Evol Ecol Res 2: 761-767 (2000)     Full PDF if your library subscribes.

Assortative interactions and the evolution of cooperation during predator inspection in guppies (Poecilia reticulata)

Lee A. Dugatkin1 and David Sloan Wilson2

1Department of Biology, University of Louisville, Louisville, KY 40292 and 2Department of Biology, Binghamton University, Binghamton, NY 13902, USA

Author to whom all correspondence should be addressed.
e-mail: lee.dugatkin@louisville.edu


One possible mechanism for the evolution of cooperation/altruism is assortative interactions, in which cooperators interact with each other by choice and cheaters are forced to interact with each other by default. This mechanism has been regarded as implausible in the past, but more recent models have revealed its likelihood when cooperative behaviour is a quantitative trait that can be observed directly by members of the population.
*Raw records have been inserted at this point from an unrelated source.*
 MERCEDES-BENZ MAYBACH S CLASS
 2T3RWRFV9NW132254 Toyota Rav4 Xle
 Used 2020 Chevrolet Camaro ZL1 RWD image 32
Assortative interactions are likely to occur in guppies (Poecilia reticulata) because they cooperate in the context of predator inspection, their inspection behaviour is a quantitative trait, and they are known to monitor each other’s behaviour and choose to associate with fish that inspect. Despite these preconditions, our experiments failed to demonstrate assortative interactions in free-swimming guppies. We offer our negative evidence as an incentive for others to look for what remains a theoretically plausible mechanism for the evolution of cooperation/altruism.

Keywords: altruism, cooperation, predator inspection.